GOAL OF THE EXERCISE: The expected output is the line with "süße ladyboy-onlyfans porno sexy foto" plus all lines after it to the end of the material below, reproduced exactly, with pictures omitted and nothing else included.
[SOURCE MATERIAL Boundary: Start]
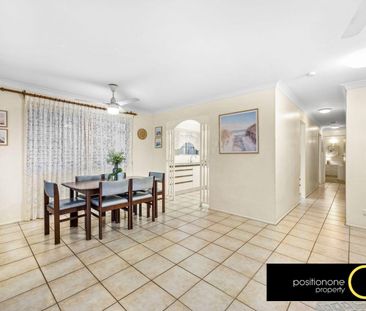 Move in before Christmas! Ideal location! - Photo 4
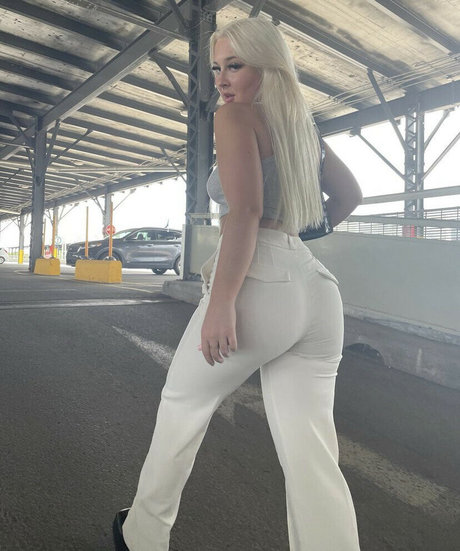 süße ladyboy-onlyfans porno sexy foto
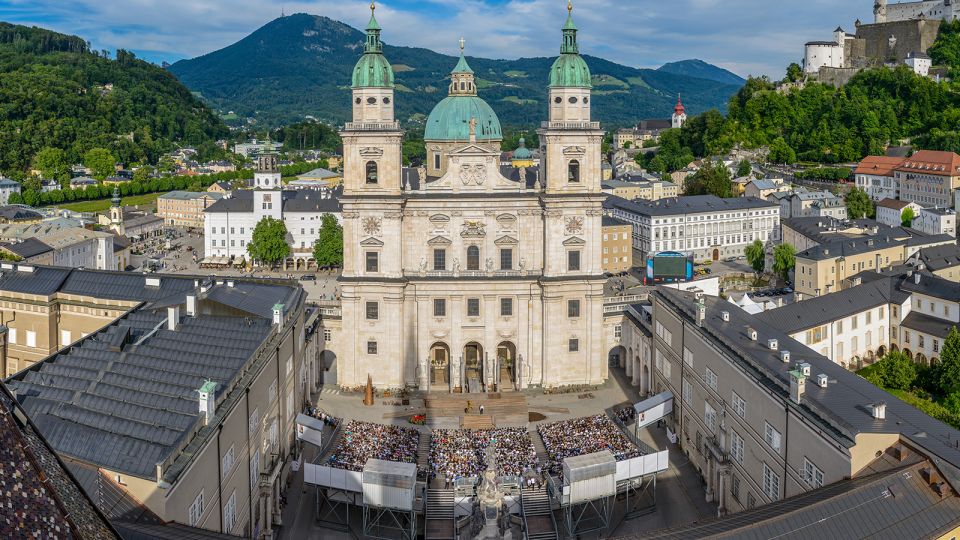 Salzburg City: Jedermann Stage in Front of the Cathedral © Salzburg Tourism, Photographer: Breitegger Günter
[SOURCE MATERIAL Boundary: End]
RESPONSE AREA:
 süße ladyboy-onlyfans porno sexy foto
 Salzburg City: Jedermann Stage in Front of the Cathedral © Salzburg Tourism, Photographer: Breitegger Günter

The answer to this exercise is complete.